Malgré cette riche expérience, ni l’État ni la société israélienne ne semblent mieux préparés à gérer ces situations douloureuses. En revanche, au cours de ce demi-siècle, l’un et l’autre ont considérablement changé. Pour la première fois, la traditionnelle solidarité instinctive avec les otages cède parfois la place à des expressions d’indifférence. Certains ne voient en eux que des gauchistes, des kibboutzniks, des fêtards drogués, bref pas des juifs comme il faut. Ce qui faisait totalement consensus il y a trente ans – le soutien aux otages – est désormais une expression partisane. Cela rappelle que le 7 octobre a fait irruption dans une société travaillée par une crise identitaire profonde – certains disaient le pays au bord de la guerre civile. Près d’un an plus tard, et alors que la guerre continue au nord et au sud, la douloureuse question des otages montre que cette crise est toujours là.

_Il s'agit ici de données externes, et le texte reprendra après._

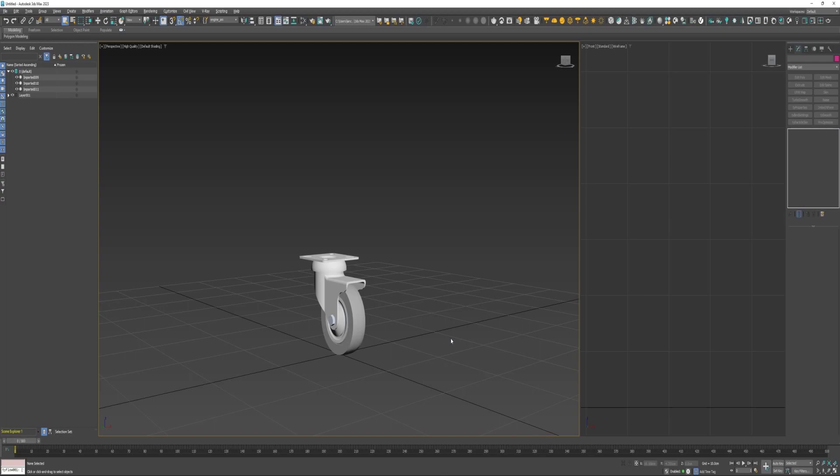Hi, this is Lance Culver and this is going to be a TyFlow tutorial. In this video I will set up a TyActor using TyBinds to simulate a set of caster wheels, and it's super easy.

[1] Dans la nuit du 3 au 4 juillet 1976, les forces spéciales israéliennes ont libéré et exfiltré les passagers d’un vol Air France Tel-Aviv/Paris, détourné par le FPLP et stationné sur l’aéroport d’Entebbe à Kampala. Cette opération, menée à des milliers de kilomètres d’Israël, est entrée dans la légende. Trois otages et un militaire israélien (le frère aîné de Benjamin Nétanyahou) ont été tués. Une quatrième otage a été assassinée plus tard à l’hôpital par des Ougandais.